Data records
▼

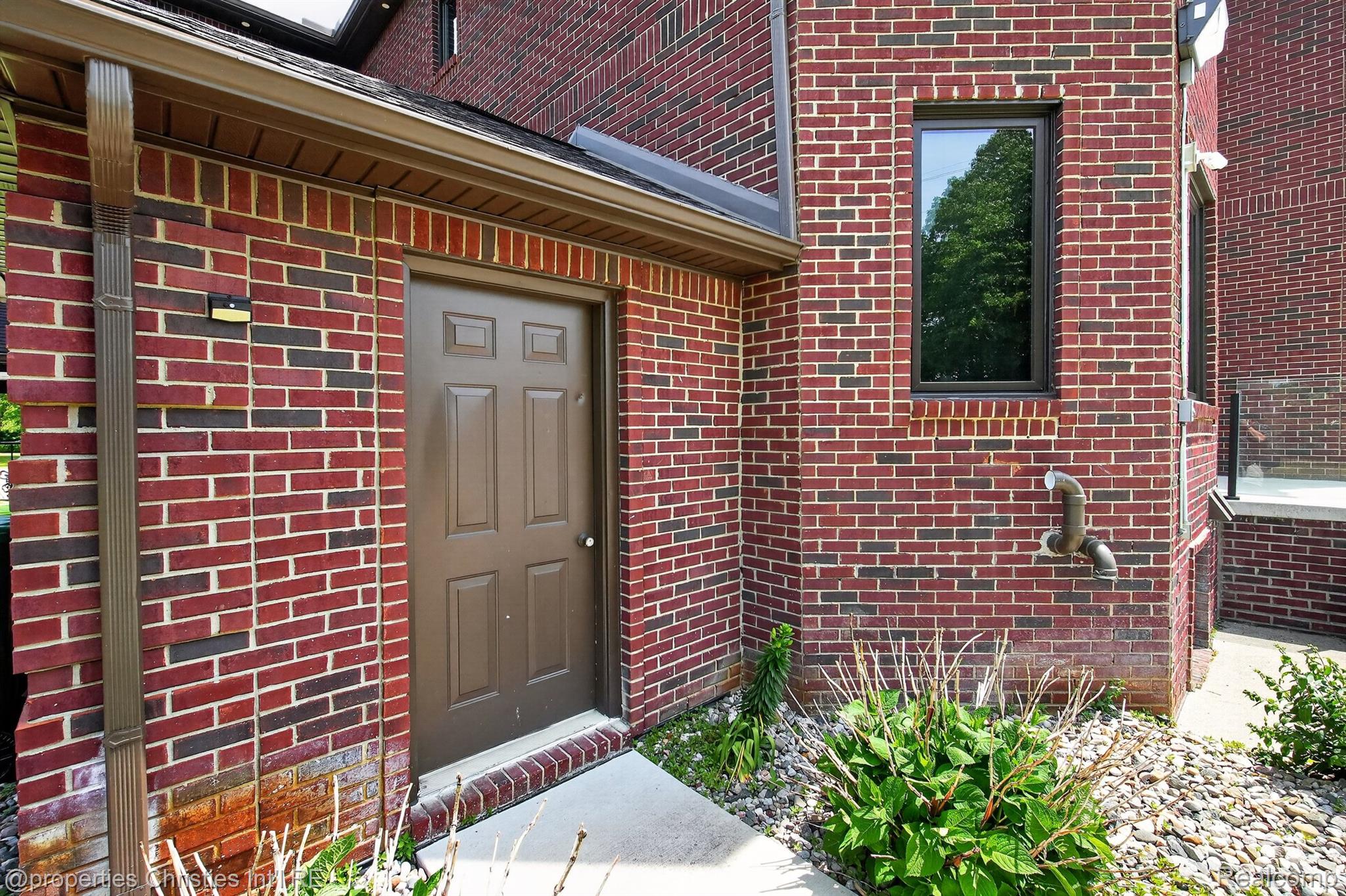 6223 Valleyfield Drive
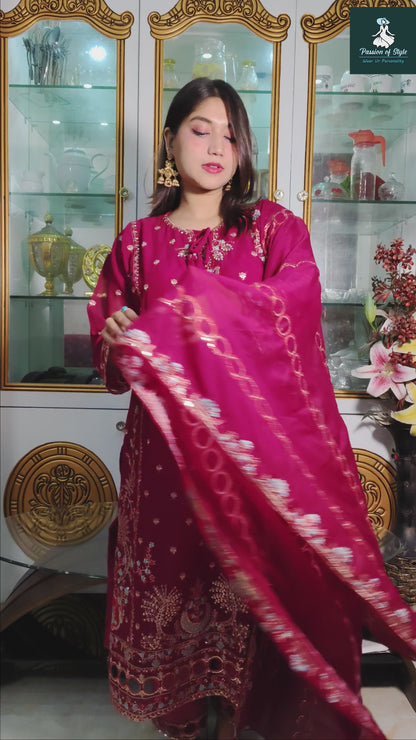 🌺 সাদাবাহার – চিরকালীন সৌন্দর্যের প্রতীক 🌺
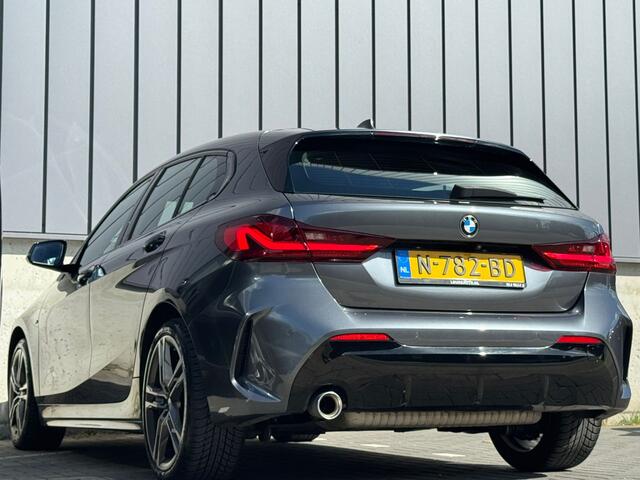BMW 1-SERIE 118i 140PK Automaat M-Sport Camera Virtual Stuurverwarming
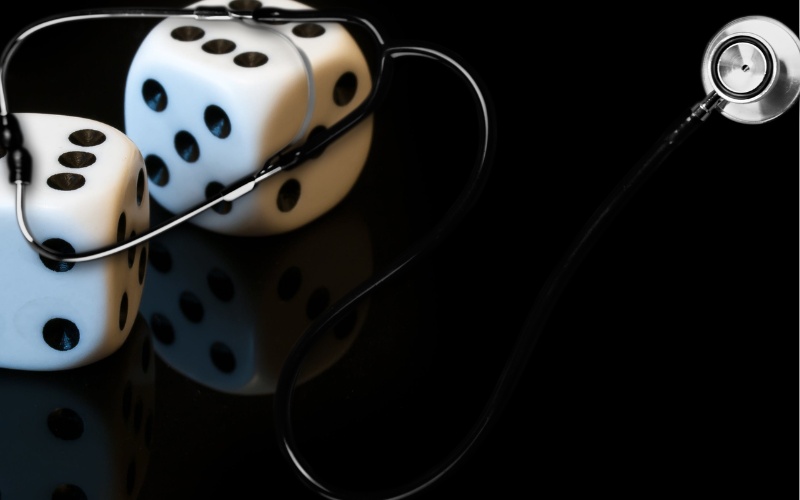 Хазарт, хоспитализации и фалшификации: Невъзможният контрол в здравеопазването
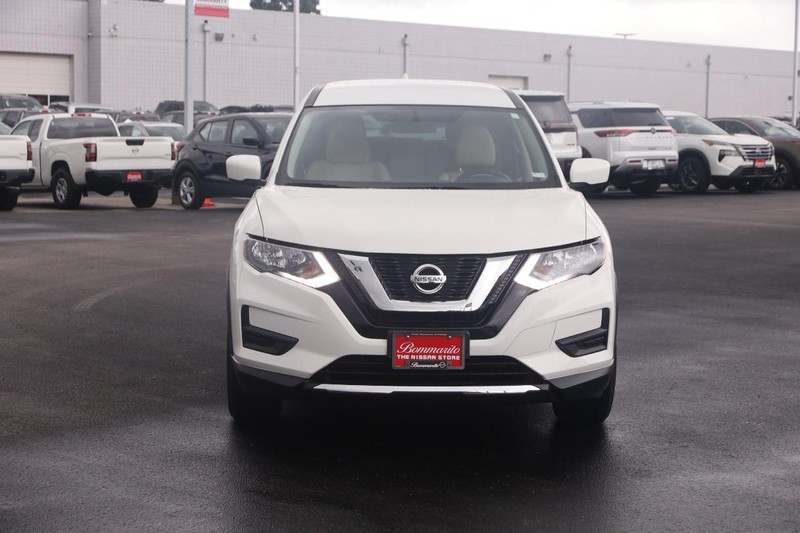 Nissan Rogue Vehicle Image 04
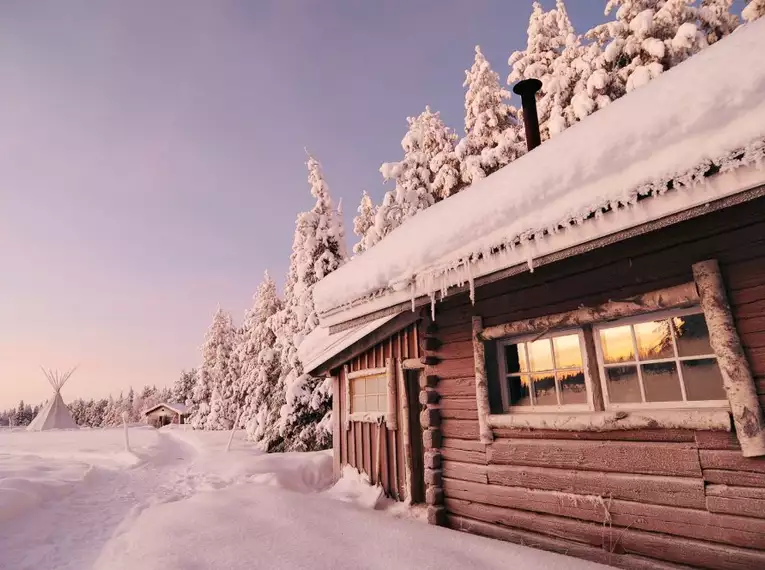 Magische Winteridylle in Schweden: Authentische Naturerlebnisse im Wildnisgehöft Solberget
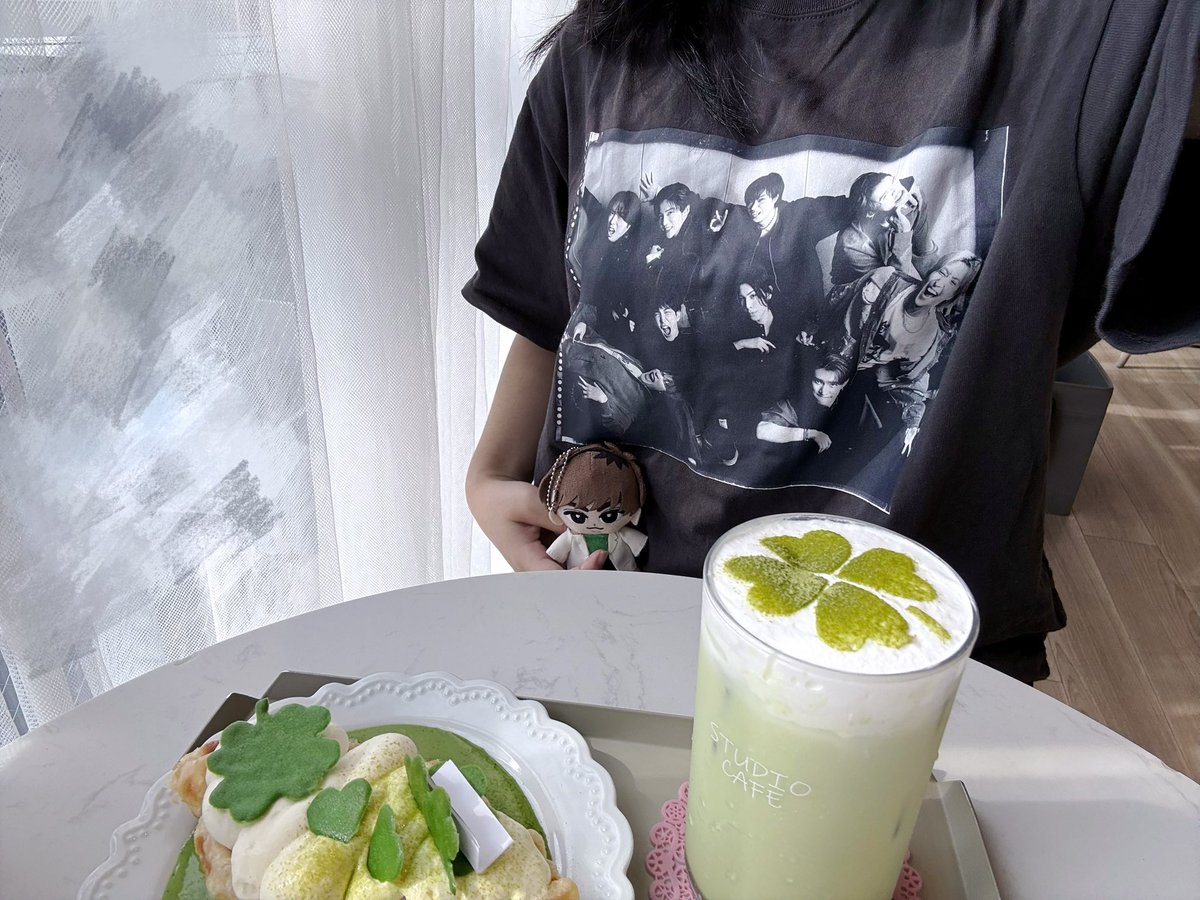 veteranabe's tweet photo. 阿部くん入所21周年おめでとう😭
阿部くんがいるから幸せ🙂‍↕️💚です❕
阿部くんに幸あれ🍀✨️

 #阿部亮平入所21周年 
 #あべふか入所21周年 https://t.co/GpciEDACh2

▲

#### Directions for this task:
Omit the pictures and write out the lines above from the one with "BMW 1-SERIE 118i" through the last, unchanged.

#### Exercise output:
BMW 1-SERIE 118i 140PK Automaat M-Sport Camera Virtual Stuurverwarming
 Хазарт, хоспитализации и фалшификации: Невъзможният контрол в здравеопазването
 Nissan Rogue Vehicle Image 04
 Magische Winteridylle in Schweden: Authentische Naturerlebnisse im Wildnisgehöft Solberget
 veteranabe's tweet photo. 阿部くん入所21周年おめでとう😭
阿部くんがいるから幸せ🙂‍↕️💚です❕
阿部くんに幸あれ🍀✨️

 #阿部亮平入所21周年 
 #あべふか入所21周年 https://t.co/GpciEDACh2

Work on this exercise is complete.